The Major Arcana are stunningly depicted with a soft palette of warm browns, faded denim, and deep shades of cranberry. The majority of trumps appear rather unnoticeable, but clearly depicting their archetypes such as the Emperor is shown sitting on a throne holding a globe, The Tower is a stone structure struck by lightning, and two figures falling off the top. It’s not anything special. The opposite half of the Trumps are stunning in different shades of subtility. The High Priestess keeps her book in a closed position, on her back, and shows no one the secrets in. Two characters on the Devil stare at each the other while covering their nakedness with astonishment. It is a stunning scene. Sun is a dazzling display of warm yellow, and there were two kids (reminiscent of the pair from the Lovers by the colors of their clothing) playing beneath. In the series, The Hanged Man and Star feature the most adorable, unlikely birds in their drawings. Strength is the eleventh bird in the series.

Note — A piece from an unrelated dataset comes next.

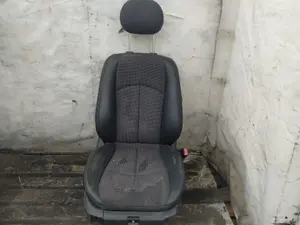 Foto de ASIENTO DELANTERO DERECHO MERCEDES-BENZ CLS (BM 219) 3.0 CDI CAT (224 CV / 165 KW) foto 1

The cards are extremely wide and long as compared to the majority of decks. This has been an obstacle to the artist in fitting archetypal cards from the past in an alternative aspect ratio with no major distortion. She has done it admirably and only a few of cards are difficult to view due to the amount of perspective packed within a small frame. The cards are Il Mondo, Il Carro and La Torre di Babelle (The World, The Chariot and The Tower of Babel).
It Meneghello decks are renowned for their manufacturing and the feel of the cards. This deck is no exception. The cardstock is extremely thick which makes the whole deck about four centimetres high when stacked. Additionally, the deck is not laminated. The cardstock is textured particularly on the front of the cards with fine striations running from top to bottom across each card’s length. It creates a pleasant vibrating sound and feels when the cards are pushed across one another. The corners aren’t round and the cards aren’t identical in dimensions. The combination of the size, aspect ratio, cardstock and non-rounded corners make this deck difficult to shuffle but is achievable with reasonable satisfaction.